VA: Are you expecting to see many companies pursue offshore wind in the Gulf of Mexico when the leases are called? Could companies, if they’re based abroad, partner with a U.S. company to help overcome some of the issues related to the Jones Act?
KL: I think the answer to both of your questions is yes. Right now, there are reports that there are nine companies that are very interested in potentially taking leases in the Gulf of Mexico. Those leases are likely going to be issued. A sale will likely take place in 2023. So, yes, there’s definitely a lot of interest.
The last sale that BOEM did for offshore New York—the New York Bight area—the federal government earned close to five $5 billion in revenue. So, there’s definitely interest in developing offshore and there certainly is more available funding from the federal government through a variety of programs that exist, not the least of which is the Inflation Reduction Act, the Infrastructure Investment and Jobs Act and the Port Infrastructure Development Program.
VA: Are there enough incentives to make it worthwhile to pursue such developments?
KL: I would say yes, definitely now, because and there’s also incentives for the states to encourage it.
Congress is looking at some revenue-sharing provisions; some bills have been introduced that would permit as much as 38% of the revenue that the federal government earns to be shared with the state. So, let’s say you had a $5 billion lease sale for the one off of the state of Texas, the state of Texas would stand to gain in excess of $1 billion on that project alone. So, there’s definitely incentive for the states to participate and in that process, the states are going to facilitate the construction of staging areas and production facilities on the coasts of Texas and Louisiana. … The Inflation Reduction Act is giving significant tax credits for investment in offshore wind.

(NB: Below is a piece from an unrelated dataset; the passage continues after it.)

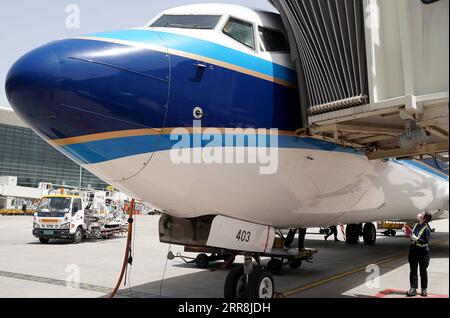 210510 -- ZHENGZHOU, 10 maggio 2021 -- Liu Qiqi controlla l'aereo presso una base di manutenzione della filiale Henan della China Southern Airlines a Zhengzhou, nella provincia di Henan, nella Cina centrale, 30 aprile 2021. Liu Qiqi è un meccanico di 24 anni nella filiale di Henan della China Southern Airlines. Laureata alla Civil Aviation University of China nel 2019, Liu Qiqi è accattivante nel team, poiché è l'unica meccanica donna nella forza lavoro di manutenzione di quasi 200 dipendenti. Lavorando in un'industria tradizionalmente dominata dagli uomini, Liu è stata interrogata molto quando è entrata nella professione. Il lavoro richiede un innesto duro e una g. Foto Stock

The Infrastructure Investment and Jobs Act is going to be depositing $450 million annually for the next five years. The Port Infrastructure Development Program, being managed by the Department of Transportation, is looking for projects that align with the president’s greenhouse gas reduction goals.
There’s definitely opportunity for people who are interested in investing in offshore wind.
VA: How should developers and other stakeholders plan for when these incentives are gone? What should they be thinking about?
KL: I guess that’s the big issue for them is the duration of those tax credits. We’re all at the mercy of which party is in control of Congress, and I think everybody is going to be closely watching what happens in November to see whether there are any changes in the wind in terms of direction.
If the Democrats retain control of Congress, I think you’ll continue to see additional efforts to enhance offshore wind development. If the Republicans gain control of Congress—either the House of Representatives or Senate or both—I don’t think you’ll see any additional progress. But I don’t think you’ll see any additional regression—at least for the next two years.
I don’t think the president would rescind anything that’s been promulgated thus far. Now through the general election in 2024, it’s clear sailing to invest.